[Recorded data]
────
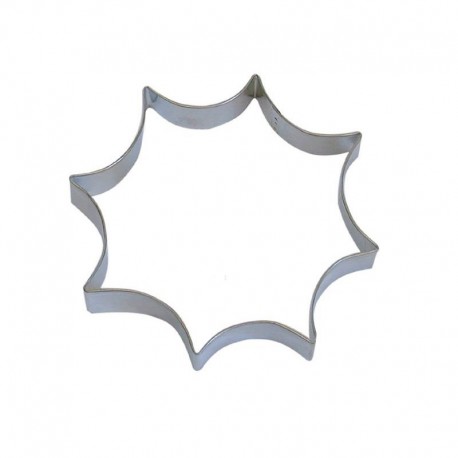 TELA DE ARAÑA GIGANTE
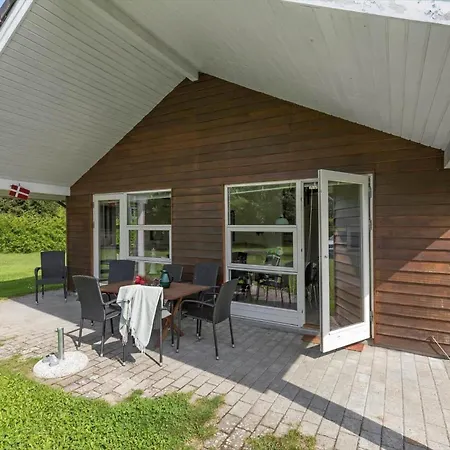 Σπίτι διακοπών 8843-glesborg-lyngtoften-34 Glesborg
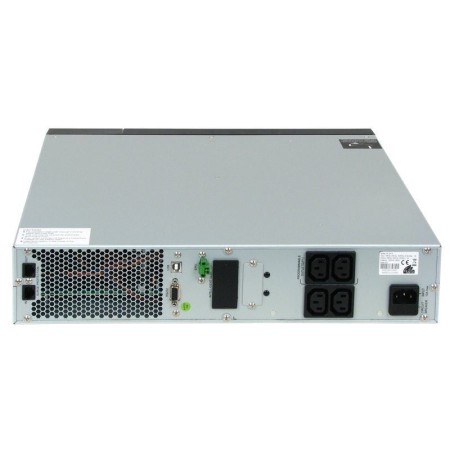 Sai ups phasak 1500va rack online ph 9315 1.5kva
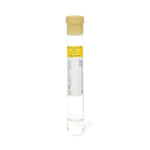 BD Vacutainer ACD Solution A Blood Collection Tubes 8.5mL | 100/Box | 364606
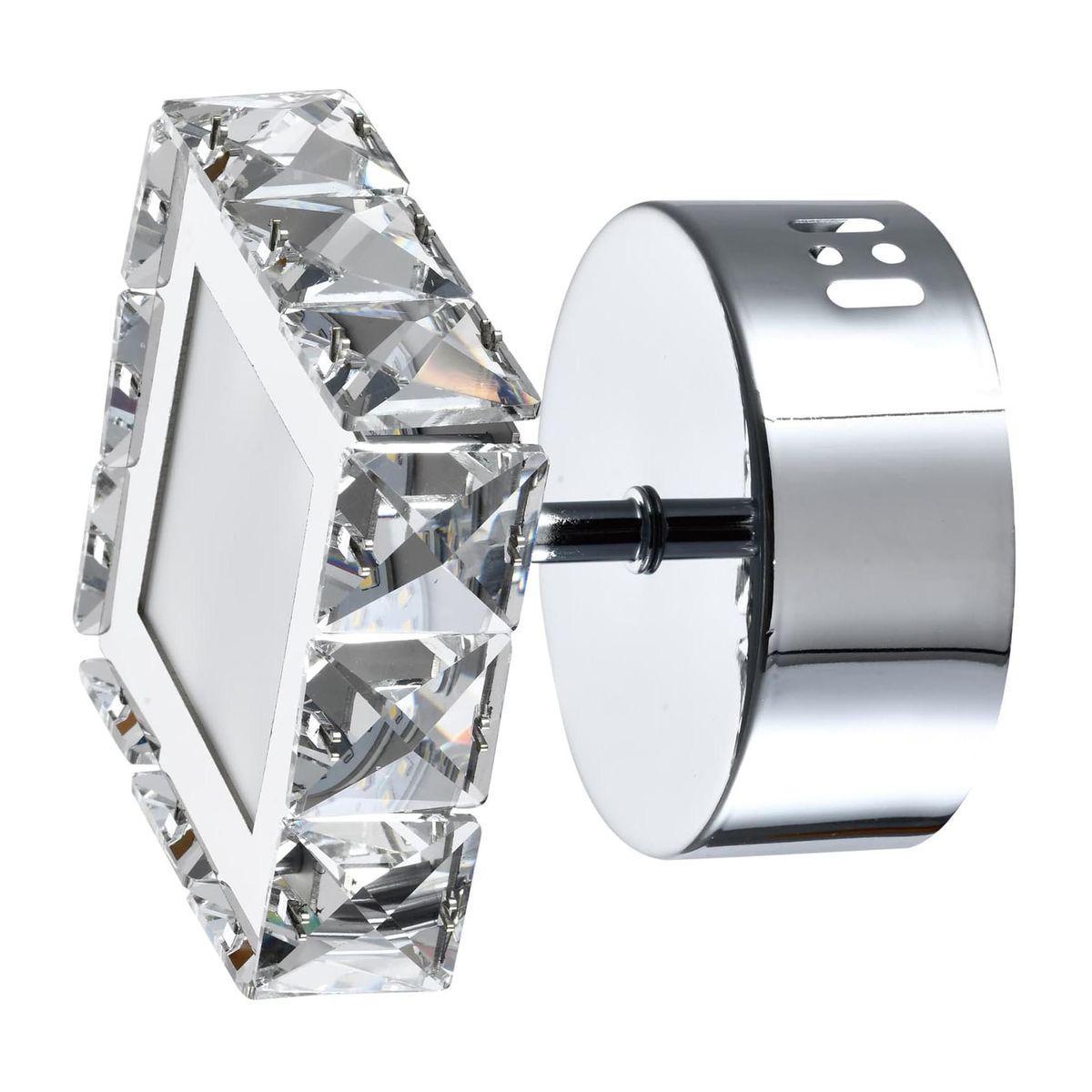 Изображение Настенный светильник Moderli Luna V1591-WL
────
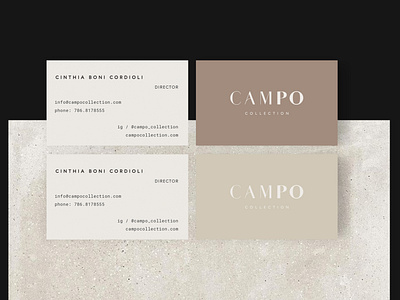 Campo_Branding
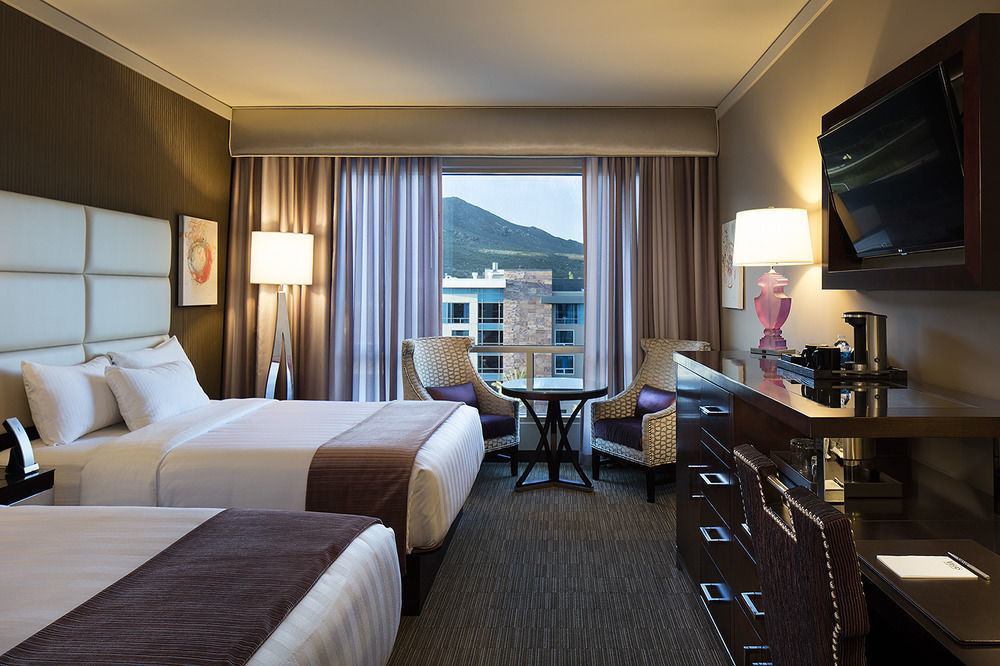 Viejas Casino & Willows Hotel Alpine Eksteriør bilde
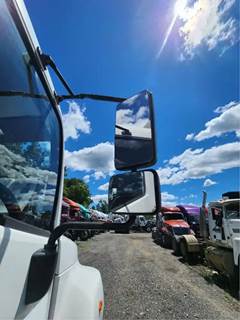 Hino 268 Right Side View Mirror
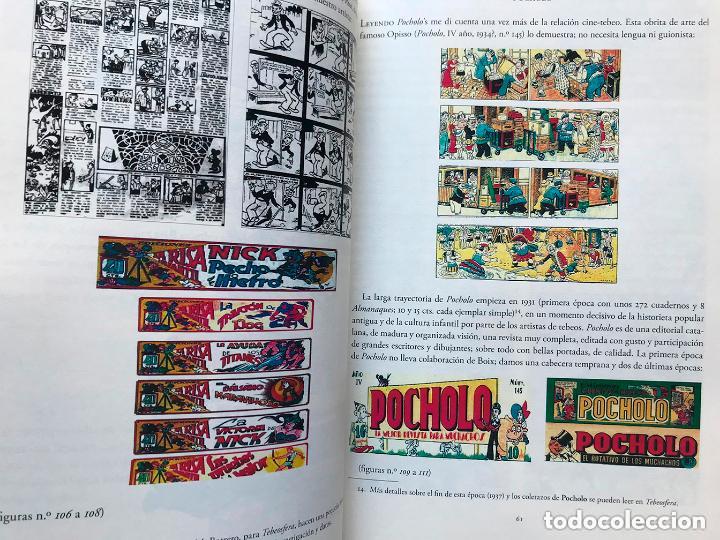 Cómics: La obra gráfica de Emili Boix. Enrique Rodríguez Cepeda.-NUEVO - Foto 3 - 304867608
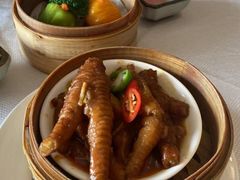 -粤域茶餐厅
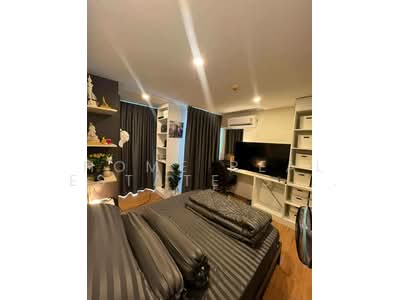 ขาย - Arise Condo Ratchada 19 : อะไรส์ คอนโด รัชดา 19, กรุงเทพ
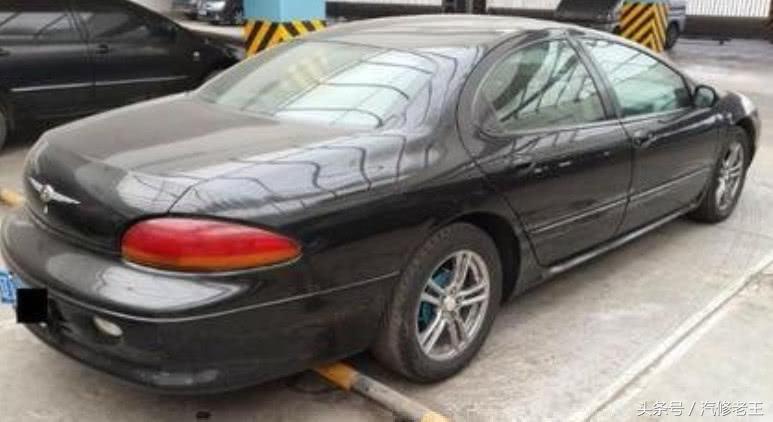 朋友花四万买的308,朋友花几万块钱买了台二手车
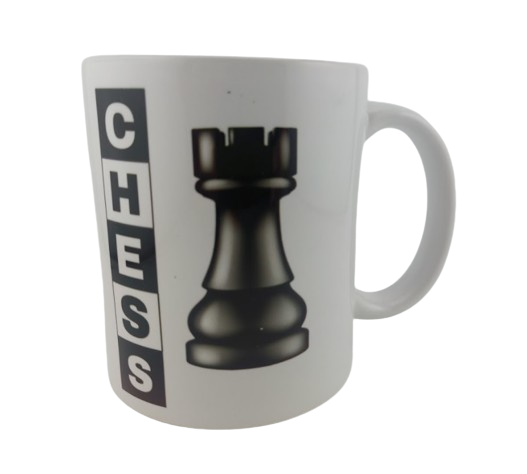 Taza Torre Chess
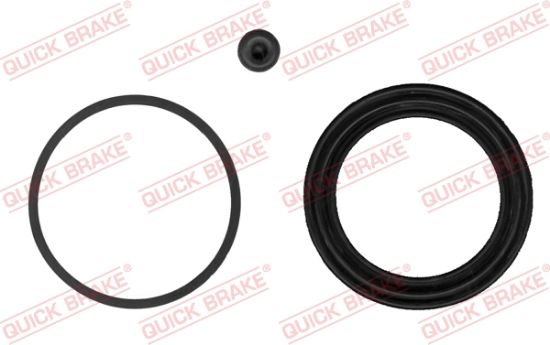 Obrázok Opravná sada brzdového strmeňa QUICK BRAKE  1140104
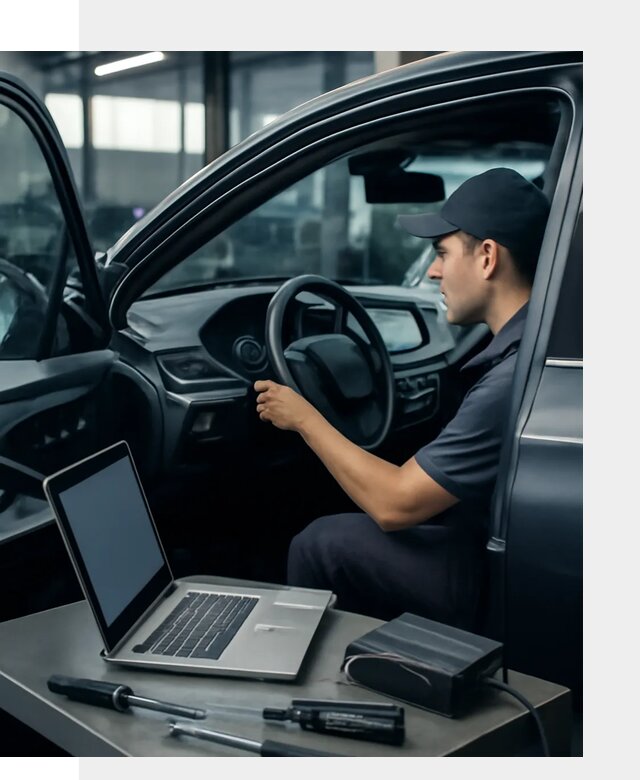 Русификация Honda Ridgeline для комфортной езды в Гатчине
────
PROBLEM TO WORK ON: Extract the part of the records that opens with the line containing "Obrázok Opravná sada" and closes with the line containing "Русификация Honda Ridgeline". Take only those lines, exactly, and no pictures.

TASK OUTPUT:
 Obrázok Opravná sada brzdového strmeňa QUICK BRAKE  1140104
 Русификация Honda Ridgeline для комфортной езды в Гатчине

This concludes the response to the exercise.